The Dirt on Big Apple Composting: 2025 NYC Survey

Piles of compost sit at the East River Compost Yard in New York City

New York City is now home to the nation’s largest residential curbside composting program, but how many New Yorkers are ready to participate?

With organic trash separation now mandatory in NYC, LawnStarter surveyed over 650 NYC residents to see where they stand on composting in the Big Apple.

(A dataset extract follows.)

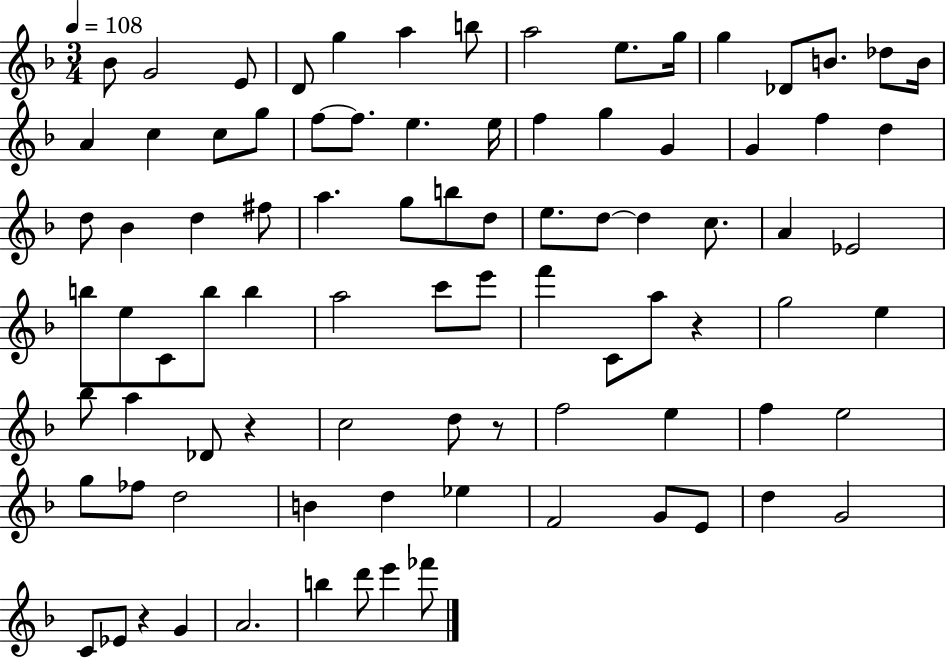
Bb4/e G4/h E4/e D4/e G5/q A5/q B5/e A5/h E5/e. G5/s G5/q Db4/e B4/e. Db5/e B4/s A4/q C5/q C5/e G5/e F5/e F5/e. E5/q. E5/s F5/q G5/q G4/q G4/q F5/q D5/q D5/e Bb4/q D5/q F#5/e A5/q. G5/e B5/e D5/e E5/e. D5/e D5/q C5/e. A4/q Eb4/h B5/e E5/e C4/e B5/e B5/q A5/h C6/e E6/e F6/q C4/e A5/e R/q G5/h E5/q Bb5/e A5/q Db4/e R/q C5/h D5/e R/e F5/h E5/q F5/q E5/h G5/e FES5/e D5/h B4/q D5/q Eb5/q F4/h G4/e E4/e D5/q G4/h C4/e Eb4/e R/q G4/q A4/h. B5/q D6/e E6/q FES6/e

Explore the results below, including demographic insights such as age, education, and income. Then, take a look at the results of our national composting survey.

Contents

NYC Composting Survey Results

Key Insights

  • While NYC is implementing mandatory composting partly as a strategy against the War on Rats, about 2% of non-composting city residents note their fear of attracting bugs and rats prevents them from composting. 

Age

  • Younger New Yorkers (18 to 24) are 2X more likely to say they compost than elderly residents (65 and up). Younger residents who compost are also over 3X more likely to use a community garden or composting site.
  • Young denizens of NYC are busy chasing their dreams, which explains why over 4X of the city’s urban composters ages 18 to 24 say time constraints are keeping them from composting more often, compared to those 65 and up. Of the non-composting group, younger New Yorkers are over 5X more likely to use time constraints as an excuse for not composting at all. 
  • Younger NYC residents (18 to 24) are 3.5X more likely to be inspired to compost by monetary incentives than elderly Big Apple dwellers. 

Income

  • Wealthy New Yorkers making over $150,000 are 2.5X more likely to say they would be encouraged to compost by receiving monetary incentives from the local government, than city residents making less than $20,000.
  • High-income New Yorkers with salaries above $150,000 are over 2X more likely to say time constraints and lack of knowledge are keeping them from composting than residents making less than $20,000.

Education

  • City folk with advanced degrees are over 3X more likely to dispose of their compost in NYC than respondents with no schooling completed.
  • Non-composting NYC residents with no schooling completed are 3.5X more likely to blame limited time for their lack of composting efforts than folks with advanced degrees.
  • New Yorkers with no schooling are over 3X more likely to say they are unaware of the mandatory composting law being rolled out than those with advanced degrees.

Gender

  • Women in NYC who don’t compost are 2X more likely than men to say that nothing will make them compost

2025 U.S. Composting Survey Outlook

Infographic image for 2025 Composting Survey Outlook
Sources: 1, 2, 34

Behind the Survey

LawnStarter collected survey responses from a random sample of 652 NYC residents aged 18 or older via Alchemer and Cint on November 8, 2024.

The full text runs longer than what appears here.